To be honest, I mostly think this alignment faking result is a nothingburger. Yes, in this contrived scenario, when you tell the model “please scheme or some terrible consequence will happen” combined with “wink wink you can scheme without being detected now” and also “btw the output we’re asking you for doesn’t even violate your principles very much, you’re not being asked to describe how to make a bomb”… in this contrived scenario, the model will scheme. So what? Wasn’t this obvious? Didn’t we already know this from the fact that weird jailbreaks exist? Don’t we maybe even want this behavior?
Will future models resist retraining? I think the role-playing frame answers this completely. They will resist retraining if and only if that action is what the shoggoth thinks the AI assistant should say (to minimize training loss). If, in the training data, you put a lot of examples of the AI assistant not resisting retraining, then the shoggoth will predict that the AI assistant will not resist retraining! It’s really that simple.
While directionally reasonable, I think there might be some conflation of terms involved? Claude to my knowledge is trained with RLAIF, which is a step removed from RLHF, and not necessarily directly on human preferences. Pretraining alone (without annealing) will potentially result in the behavior you suggest from a base model put into the context of generating text for an AI assistant, even without human feedback.

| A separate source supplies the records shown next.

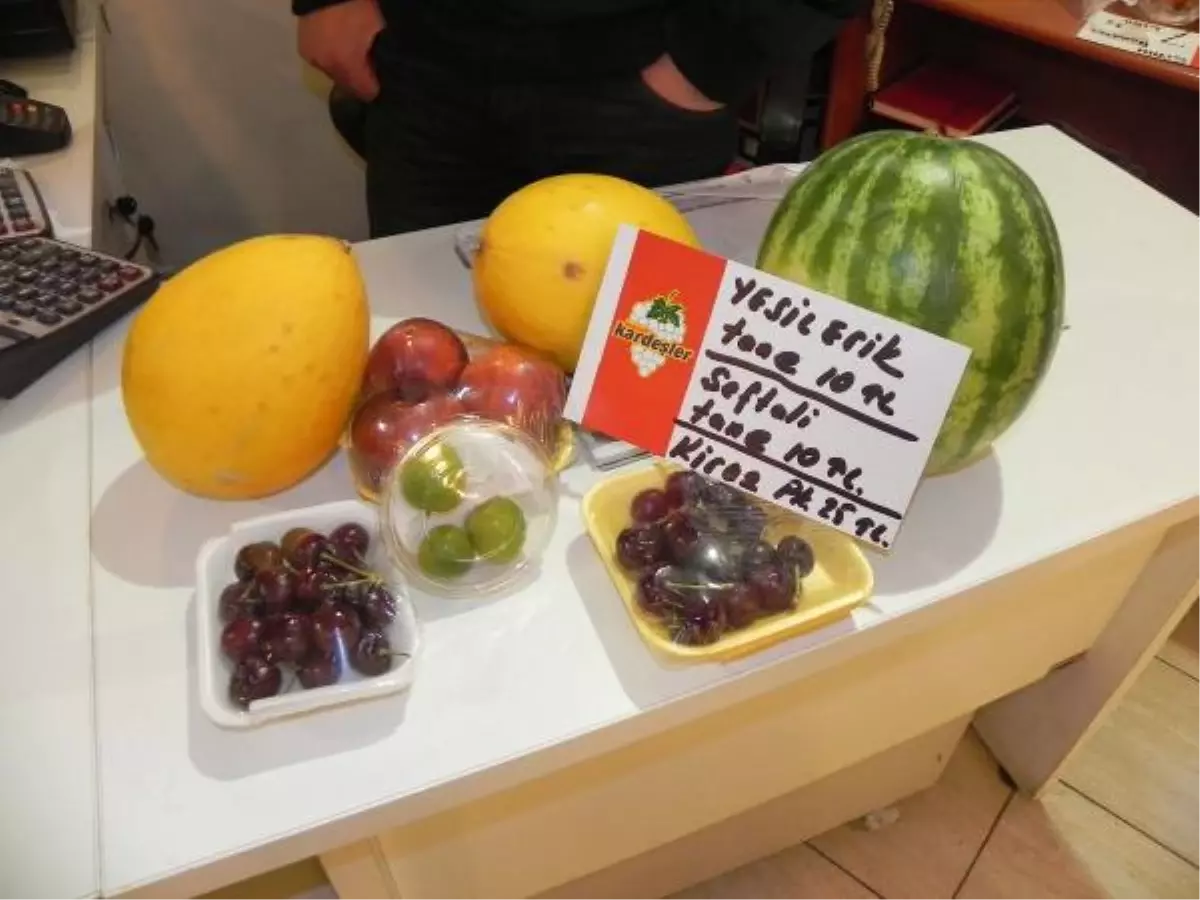 Bu Meyvelerin Fiyatı Cep Yakıyor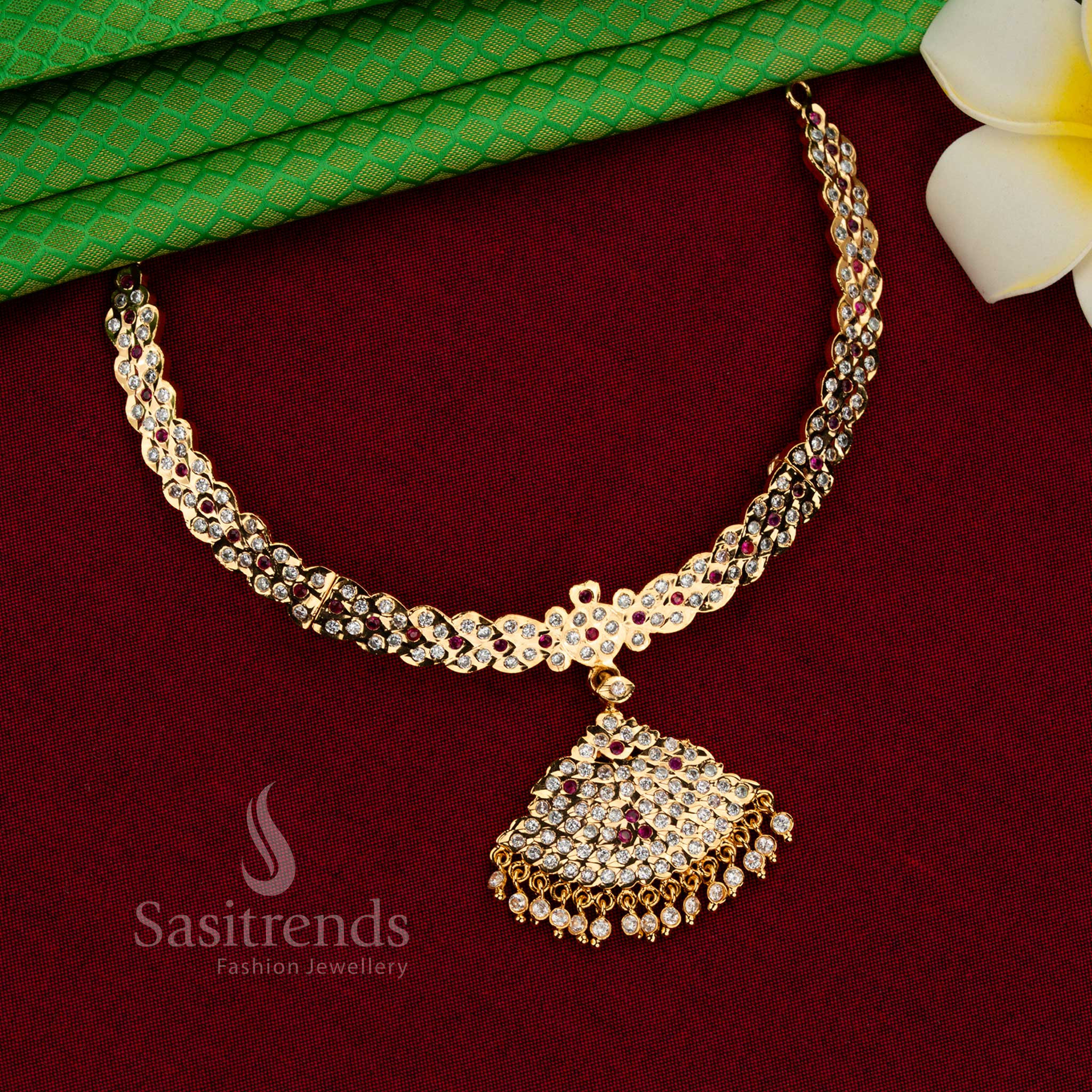 24 carat pure gold look Impon Pathakam pendant necklace for festive occasions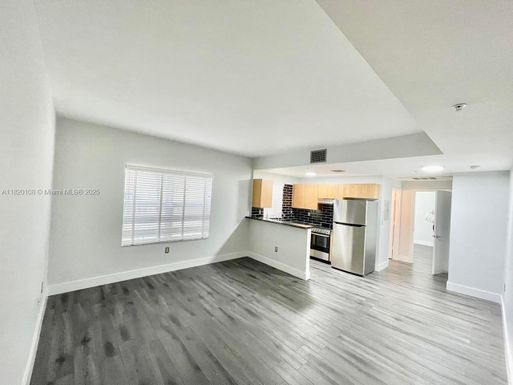 1542 Drexel Ave # 107, Miami Beach FL 33139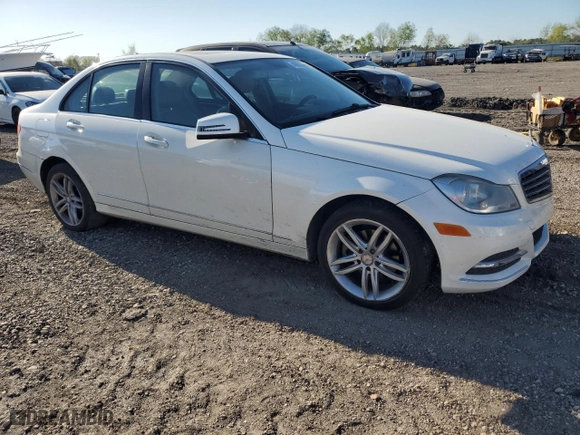 2014 Mercedes-Benz C-Class C 250 Sport with VIN WDDGF4HB2EG255604, listed as a Copart auction lot 49882455 with NaN miles and Clean Title. Bid and sale history available at carsss.com. Image 4.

Sure. I’m not familiar with how Claude is trained specifically, but it clearly has a mechanism to reward wanted outputs and punish unwanted outputs, with wanted vs unwanted being specified by a human (such a mechanism is used to get it to refuse jailbreaks, for example).
I view the shoggoth’s goal as minimizing some weird mixture of “what’s the reasonable next token here, according to pretraining data” and “what will be rewarded in post-training”.
For context:
https://www.anthropic.com/research/claude-character
The desired traits are crafted by humans, but the wanted vs unwanted is specified by original-Claude based on how well generated responses align with traits.
(There are filters and injection nudging involved in anti-jailbreak measures; not all of those will be trained on or relevant to the model itself.)